Le procès qui est fait par les organisateurs est en même temps d’une grande violence, car il revient non pas à ouvrir un débat, comme ils se plaisent à le prétendre, mais à accuser une partie des chercheur·ses et enseignant·es-chercheur·ses en sciences humaines et sociales d’anti-républicanisme, voire de complicité envers le terrorisme islamiste, si on pousse le raisonnement jusqu’à sa conclusion logique. Les procès en « islamo-gauchisme » et autres « wokismes » déjà menés à plusieurs reprises par des membres du gouvernement ont légitimement provoqué une levée de boucliers de la part des acteurs institutionnels, de la Conférence des présidents d’université aux sociétés savantes dont les chercheur·es pouvaient être visé·es.

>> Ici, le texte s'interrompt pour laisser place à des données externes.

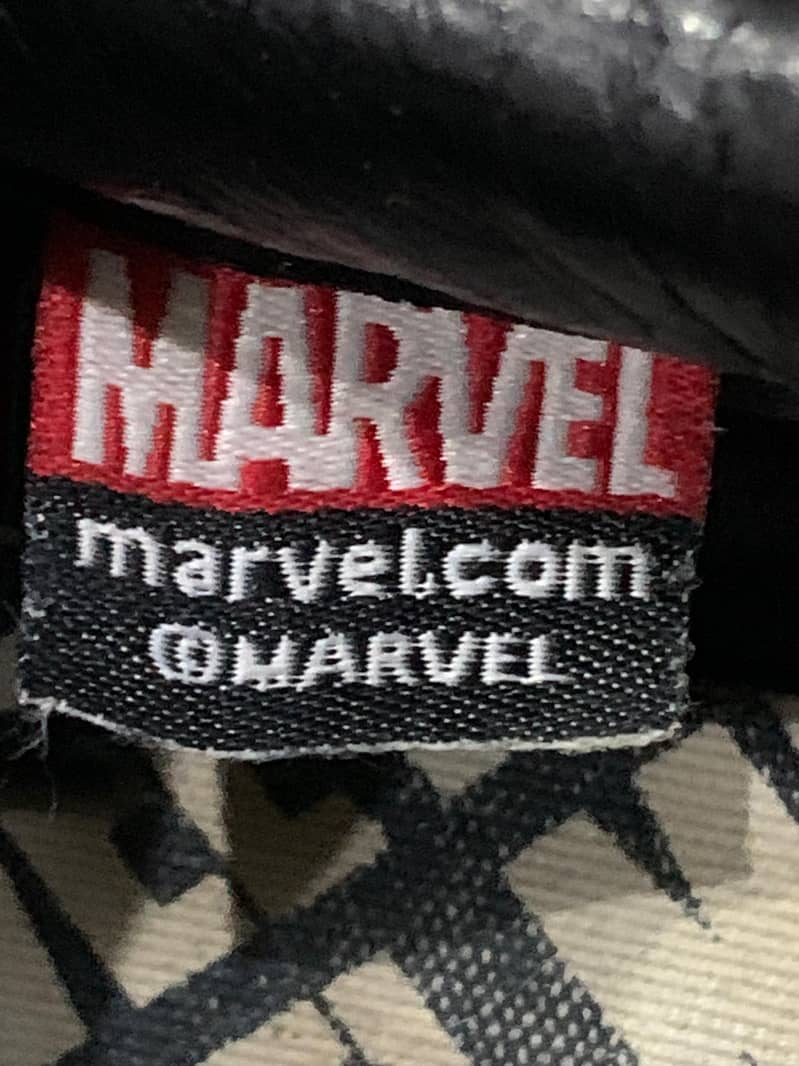 Vans X Marvel (RARE FIND) 2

Il est inadmissible que de telles approches soient encore cautionnées et légitimées de fait par le gouvernement, par la présence du ministre Jean-Michel Blanquer, comme par le président du Haut Conseil de l’évaluation de la recherche et de l’enseignement supérieur (HCERES) Thierry Coulhon. Ce dernier, en tant que président d’une autorité publique indépendante, est censé être astreint à un devoir de réserve garantissant la neutralité de celle-ci. Par ailleurs, le silence de la ministre en charge de l’enseignement supérieur et de la recherche, sur cette attaque dans un des lieux les plus symboliques de l’Université, équivaut à une approbation tacite.

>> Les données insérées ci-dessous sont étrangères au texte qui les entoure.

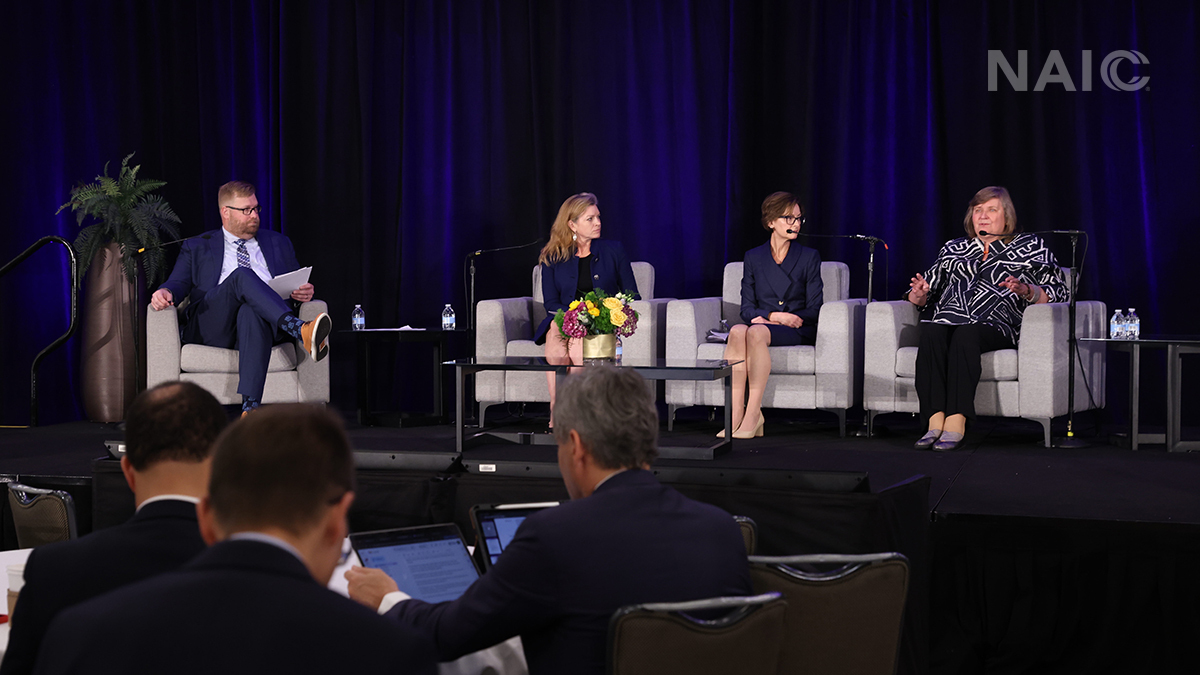 At the 2025 #NAICIIForum, leaders on the "2025 and Beyond – Views from the C-Suite" panel discussed the challenges faced by an evolving marketplace and industry and took an in-depth look at the opportunities to adapt &amp; grow while continuing to protect consumers.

Les approches dites intersectionnelles sont prises pour cibles de manière totalement caricaturale et sans évoquer ce qu’elles recouvrent vraiment, ce que chacun peut vérifier en en lisant quelques exemples : l’approche intersectionnelle permet tout simplement d’étudier les formes de discriminations croisées fondées sur le genre, la nationalité, la situation sociale, la couleur de peau, l’orientation sexuelle, l’appartenance religieuse et/ou le handicap. Les études postcoloniales, également visées ici par les procureurs auto-proclamés de ce tribunal des libertés académiques, développent quant à elles des perspectives critiques sur le discours et le projet colonial et sur leurs conséquences historiques et contemporaines dans les sociétés concernées.

En se réclamant d’un pseudo-universalisme abstrait qui ne saurait voir et encore moins reconnaître l’existence de rapports de pouvoir et les processus de discrimination à l’œuvre dans nos sociétés, les organisateurs de ce tribunal en viennent ainsi à rejeter tout questionnement et toute approche critique des discriminations, croisées ou non, comme de l’entreprise coloniale et de ses conséquences. Leurs accusations sont au cœur d’un arc réactionnaire de refus de prise en compte des inégalités dans leur complexité.

Dans le contexte politique actuel, ce mouvement réactionnaire se retrouve de LREM à Zemmour et au RN en passant par LR et quelques (ex-)PS. Il s’inscrit dans une entreprise politique très délibérée ayant pour horizon les élections nationales de 2022. Les procès en « wokisme » participent d’une part à la diffusion et à l’expression décomplexée d’idées d’extrême-droite, et d’autre part à l’occupation médiatique sur des questions « identitaires ». Cet écran de fumée contribue à faire diversion face aux urgences sociales, écologiques et démocratiques qui doivent être nos priorités absolues aujourd’hui.

Cette nouvelle attaque contre les libertés académiques et contre la pluralité nécessaire de la recherche dans ses objets comme dans ses approches est d’autant plus grave qu’elle est légitimée et encouragée par les pouvoirs publics. La production de savoir repose sur les libertés académiques, principe à valeur constitutionnelle. Les statuts nationaux et les financements pérennes les garantissent. Nous supprimerons les structures de mise en concurrence et/ou d’évaluation non transparente de la recherche, dont l’Agence nationale de la recherche et le HCERES, en réaffectant les fonds vers les dotations récurrentes de recherche et vers le renforcement des instances nationales composées de pairs et majoritairement élues comme le Conseil national des universités. Enfin, un·e chercheur·e précaire ne peut pas chercher librement, nous engagerons donc également un plan pluriannuel massif de recrutement de fonctionnaires titulaires. Le statut de fonctionnaire et les protections qu’il procure sont censés précisément protéger les chercheur·es et enseignant·es des pressions des pouvoirs, qu’ils soient politiques ou économiques.